[Date Prev][Date Next][Thread Prev][Thread Next][Date Index][Thread Index]

[Condor-users] Dagman Newbie Questions

Advance warning: I'm a Condor newbie.  I’ve been tasked with evaluating Condor as a queueing platform for CG & Animation production at our facility.


We've set up one manager and two submitter/executer machines. I've been submitting a dagman job similar to the diamond.dag example in the documentation.


My Question:


It seems that condor_q only shows the dag jobs that running or that CAN run.  Jobs that are blocked due to prequisite jobs not done yet, are not shown.  Also, if I keep the jobs in the system and attempt to re-run them (using condor_hold & condor_release), then the dependencies are not obeyed during this subsequent “run”


If I understand what’s going on, the dagman job appears to be simply a job that submits other jobs, and the downstream jobs are not even submitted until their prerequisite jobs have run.  Subsequent runs can only be run again with the .rescue file.  Is this correct?
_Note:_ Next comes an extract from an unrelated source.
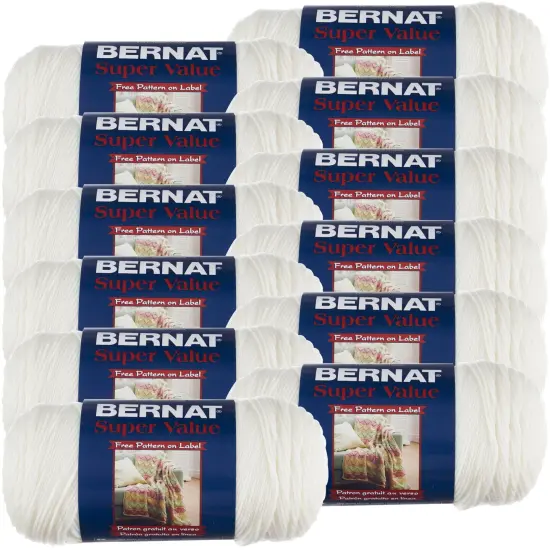 Multipack of 12 - Bernat Super Value Solid Yarn-Winter White {1}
This has consequences for us because in our business, deadlines are critical and resource utilization must be maximized.  So progressive estimates of completion and remaining work are necessary.  We need all nodes of the entire DAG to be present in the system to estimate resource use, even though many of the nodes may be blocked waiting for prerequisite nodes.  Jobs that submit other jobs are a nasty surprise for our resource managers.  Also re-running of any node and its dependent nodes is fairly common and is often done many times during pipeline troubleshooting—we don’t want to have to re-submit the entire DAG several times in separate runs because there may be long-running nodes in the DAG we want to continue in parallel while we’re working on other “broken” nodes.


It looks to me like we’d have a hard time getting Condor/Dagman to support these needs.  I’d love any advice / comments you might have on this.



Thanks very much,



Jeremy Yabrow

Production Engineering